A second and more important branch of the French Reformation was that which had Geneva as its centre. Geneva had accepted the Reformation principally through the efforts of French evangelists of whom William Farel was the leader. He attempted to make the people of Geneva live up to their professions but was unable to do so. The work which he began was carried on by John Calvin in such a way that Geneva became the model city of Protestant Christendom. John Calvin was famous before his coming to Geneva as the author of the Institutes, a book which more than any other became the textbook of the Reformed Church. Calvin fled from France because of the persecution and hoped to find some city where he could spend his life in scholarly work for the Reformation. On his journey he chanced to come to Geneva to pass the night. Farel was trying to organize the Church and he persuaded Calvin to assist him. After a prolonged conflict Calvin gained control of the city. He reorganized the Church under the eldership system by which ministers and lay elders had control of the spiritual affairs of the city. He established theological lectureships, thus making possible an educated ministry. Geneva became the educational centre of the Reformed Church and large numbers of men, fleeing from persecution in England, the Netherlands, France and other parts of Europe, came to Geneva, studied under Calvin and carried his theology and form of Church organization back to their home lands.

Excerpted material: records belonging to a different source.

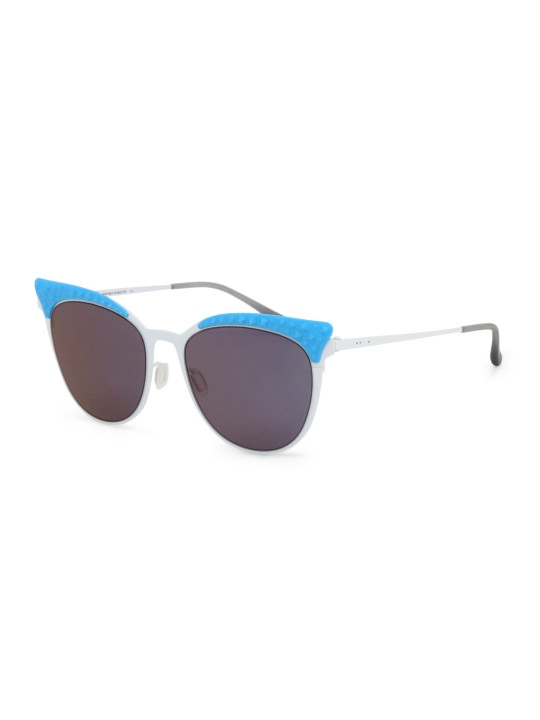 Blaue Italia Independent Sonnenbrille modern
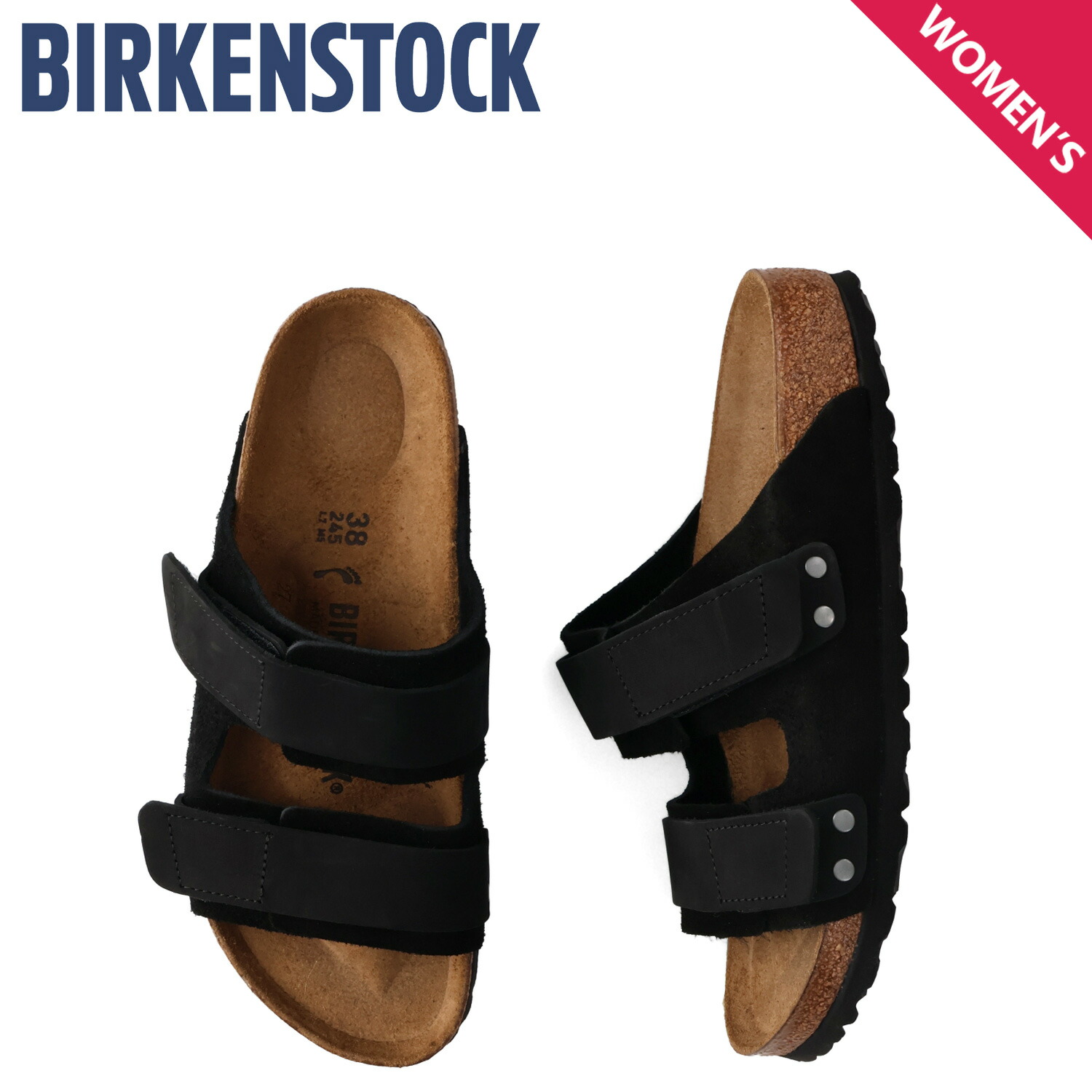 ビルケンシュトック BIRKENSTOCK サンダル ウジ レディース 細幅 スエード レザー GIZEH ブラック 黒 楽天市場】【最大1000円OFFクーポン発行中】 BIRKENSTOCK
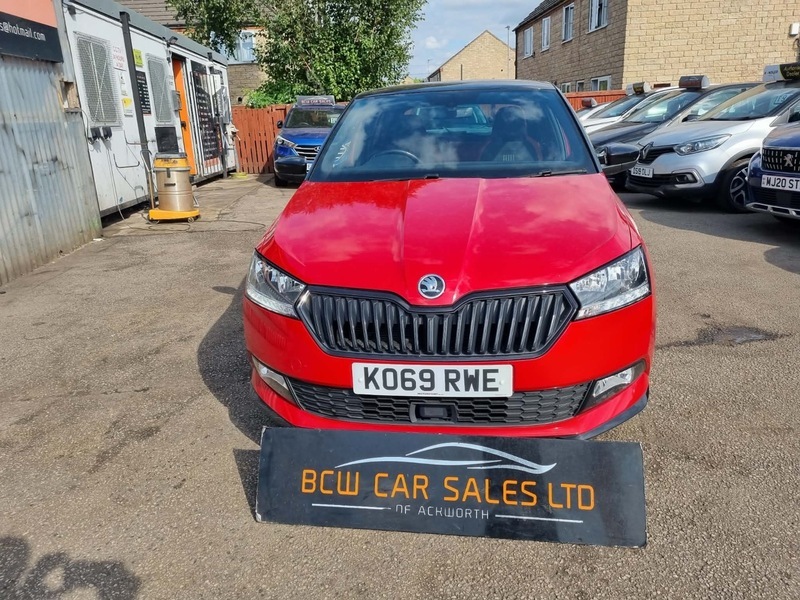 Skoda Fabia Monte Carlo Tsi Red #6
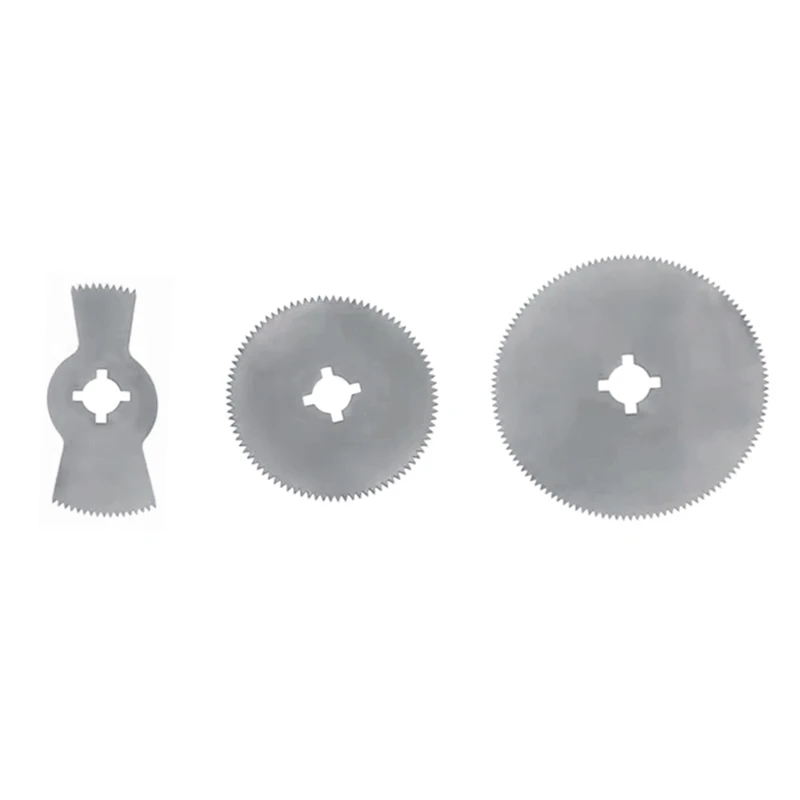 One Set of Saw Blades 3PCS for Medical Electric Plaster Saw Cast Cutter Orthopedic Sports Medicine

The Reformation came early into the Netherlands because of its close commerical and political connection with Germany. Charles V attempted to put a stop to the spread of the movement but the laws against heresy were not executed with strictness in his reign. His son Philip II entered upon a more vigorous policy of persecution and through the Duke of Alva and his successors tried in vain to suppress the political and religious liberties of the Netherlands. The great leader in the struggle for independence was William of Orange, at first a Catholic and in his later years a member of the Reformed Church. The inquisition of the Spanish type was introduced and the laws of the country were suspended. Persons accused of heresy were executed by the hundreds. Philip resolved to root out heresy even if it meant the ruin of the country. In vain the best generals in Spain were sent to overcome the resistance of the people. Under the guidance of William of Orange the northern provinces which were almost wholly Protestant declared their independence of Spain, which was finally established at the close of the Thirty Years' War.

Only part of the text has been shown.